Human Action: A Treatise on Economics, in 4 vols., ed. Bettina Bien Greaves (Indianapolis: Liberty Fund, 2007). Vol. 1.

Part of: Human Action: A Treatise on Economics, in 4 vols. (LF ed.)

About Liberty Fund:

Liberty Fund, Inc. is a private, educational foundation established to encourage the study of the ideal of a society of free and responsible individuals.


The Absolute End

In order to avoid any possible misinterpretation of the praxeological categories it seems expedient to emphasize a truism.

Praxeology, like the historical sciences of human action, deals with purposeful human action. If it mentions ends, what it has in view is the ends at which acting men aim. If it speaks of meaning, it refers to the meaning which acting men attach to their actions.
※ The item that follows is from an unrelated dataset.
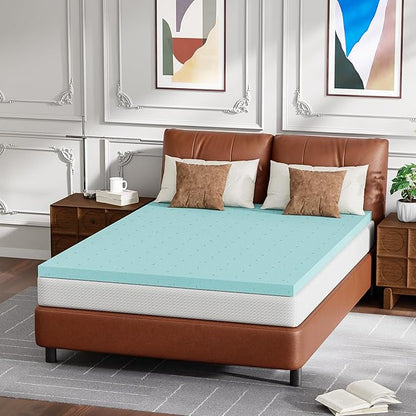 FDW | 5" Full Mattress + 3" Cooling Mattress Topper | Gel Memory Foam | Medium Firm Feel | White | with Washable Cover for Cool Sleep and Pressure Relief | Bed in a Box, CertiPUR-US Certified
Praxeology and history are manifestations of the human mind and as such are conditioned by the intellectual abilities of mortal men. Praxeology and history do not pretend to know anything about the intentions of an absolute and objective mind, about an objective meaning inherent in the course of events and of historical evolution, and about the plans which God or Nature or Weltgeist or Manifest Destiny is trying to realize in directing the universe and human affairs. They have nothing in common with what is called philosophy of history. They do not, like the works of Hegel, Comte, Marx, and a host of other writers, claim to reveal information about the true, objective, and absolute meaning of life and history.11

[11. ]On the philosophy of history, cf. Mises, Theory and History (New Haven, 1957), pp. 159 ff.